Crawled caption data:
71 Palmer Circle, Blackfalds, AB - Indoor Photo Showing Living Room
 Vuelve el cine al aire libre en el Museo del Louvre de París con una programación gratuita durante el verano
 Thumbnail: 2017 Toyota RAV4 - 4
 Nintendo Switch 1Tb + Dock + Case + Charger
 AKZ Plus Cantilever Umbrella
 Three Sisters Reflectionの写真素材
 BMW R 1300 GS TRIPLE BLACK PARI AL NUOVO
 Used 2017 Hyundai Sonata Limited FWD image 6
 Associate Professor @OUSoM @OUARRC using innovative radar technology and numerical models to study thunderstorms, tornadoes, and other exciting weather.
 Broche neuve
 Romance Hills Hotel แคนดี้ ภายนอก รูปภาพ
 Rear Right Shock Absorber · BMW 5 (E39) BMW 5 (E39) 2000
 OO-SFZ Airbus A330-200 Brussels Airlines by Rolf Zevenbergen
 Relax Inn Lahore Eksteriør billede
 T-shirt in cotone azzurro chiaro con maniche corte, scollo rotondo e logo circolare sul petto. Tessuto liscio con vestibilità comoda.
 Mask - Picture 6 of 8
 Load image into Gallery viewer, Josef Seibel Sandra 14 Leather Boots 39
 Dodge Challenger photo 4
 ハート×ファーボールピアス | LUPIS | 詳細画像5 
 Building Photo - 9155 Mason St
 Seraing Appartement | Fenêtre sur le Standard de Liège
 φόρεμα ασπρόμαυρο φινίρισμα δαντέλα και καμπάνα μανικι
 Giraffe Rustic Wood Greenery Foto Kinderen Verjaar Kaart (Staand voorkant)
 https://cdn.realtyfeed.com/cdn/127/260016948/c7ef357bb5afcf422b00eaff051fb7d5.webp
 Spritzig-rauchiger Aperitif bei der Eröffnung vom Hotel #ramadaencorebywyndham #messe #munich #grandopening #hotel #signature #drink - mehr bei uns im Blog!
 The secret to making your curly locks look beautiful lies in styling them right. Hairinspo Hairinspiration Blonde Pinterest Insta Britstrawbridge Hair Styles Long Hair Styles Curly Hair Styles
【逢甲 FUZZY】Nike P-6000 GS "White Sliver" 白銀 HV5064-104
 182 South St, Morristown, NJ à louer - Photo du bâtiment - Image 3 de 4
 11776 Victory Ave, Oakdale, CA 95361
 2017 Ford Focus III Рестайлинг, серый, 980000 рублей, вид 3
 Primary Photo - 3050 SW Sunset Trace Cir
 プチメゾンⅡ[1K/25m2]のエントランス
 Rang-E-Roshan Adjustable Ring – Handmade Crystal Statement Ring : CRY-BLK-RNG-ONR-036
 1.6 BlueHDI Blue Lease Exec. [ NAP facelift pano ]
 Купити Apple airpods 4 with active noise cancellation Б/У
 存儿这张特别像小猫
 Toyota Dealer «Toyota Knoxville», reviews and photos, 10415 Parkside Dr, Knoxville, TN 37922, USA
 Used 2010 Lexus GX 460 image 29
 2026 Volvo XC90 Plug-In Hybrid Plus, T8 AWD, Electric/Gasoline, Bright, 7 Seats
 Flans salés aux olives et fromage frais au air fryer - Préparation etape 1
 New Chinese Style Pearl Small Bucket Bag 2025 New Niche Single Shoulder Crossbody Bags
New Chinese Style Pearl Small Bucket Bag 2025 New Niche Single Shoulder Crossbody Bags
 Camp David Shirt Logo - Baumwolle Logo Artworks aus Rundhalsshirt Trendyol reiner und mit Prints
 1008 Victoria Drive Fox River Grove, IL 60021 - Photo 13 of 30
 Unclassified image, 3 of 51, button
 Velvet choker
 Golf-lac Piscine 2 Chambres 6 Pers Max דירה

What you need to do: Looking at the records above, work out how many lines contain "Hotel". Give the number only.

Task answer: 2